■ **Your goal**
Pictures in the listing below are skipped, while the lines from the "Property photo of" line through the "Blade Loop Road Jena, LA 71342" line are returned word for word.

+++ Source data +++

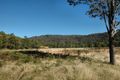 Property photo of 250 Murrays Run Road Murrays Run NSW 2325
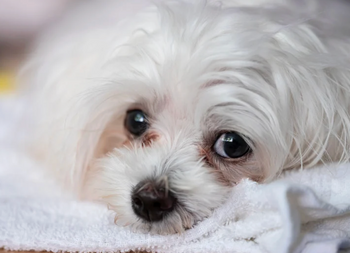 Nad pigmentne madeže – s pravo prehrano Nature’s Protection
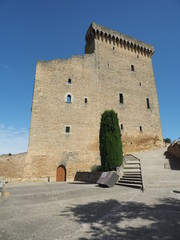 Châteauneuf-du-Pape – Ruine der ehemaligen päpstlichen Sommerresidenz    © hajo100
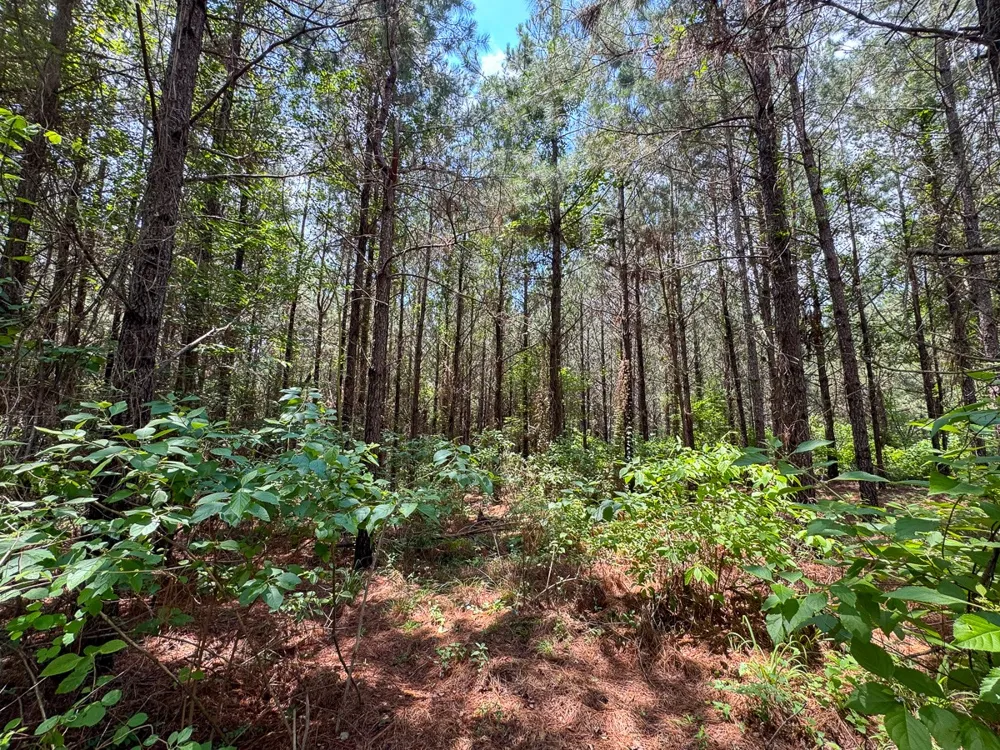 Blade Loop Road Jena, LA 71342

+++
+++ Source data +++

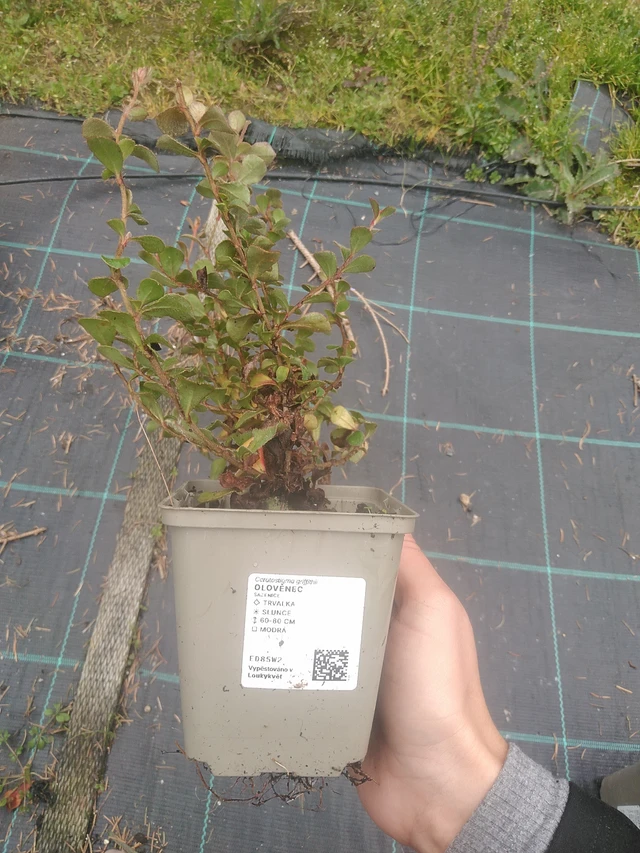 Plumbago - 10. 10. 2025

+++
+++ Source data +++

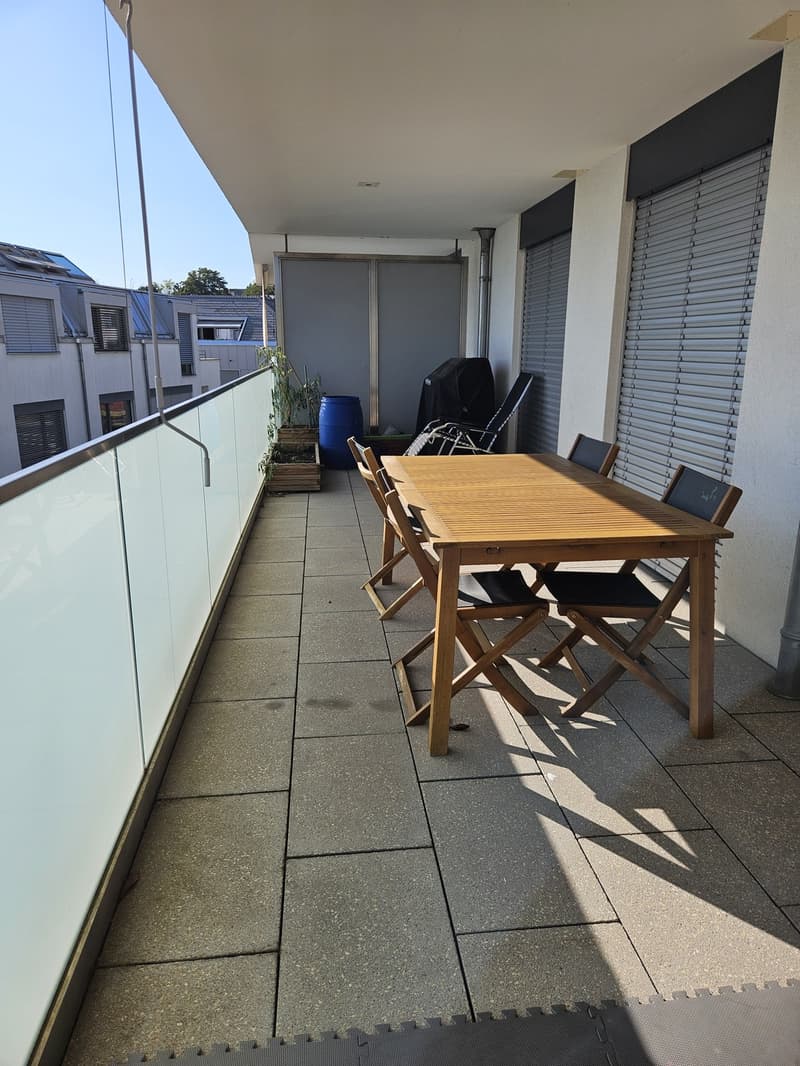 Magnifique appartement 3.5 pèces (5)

+++

■ **Answer space**
 Property photo of 250 Murrays Run Road Murrays Run NSW 2325
 Nad pigmentne madeže – s pravo prehrano Nature’s Protection
 Châteauneuf-du-Pape – Ruine der ehemaligen päpstlichen Sommerresidenz    © hajo100
 Blade Loop Road Jena, LA 71342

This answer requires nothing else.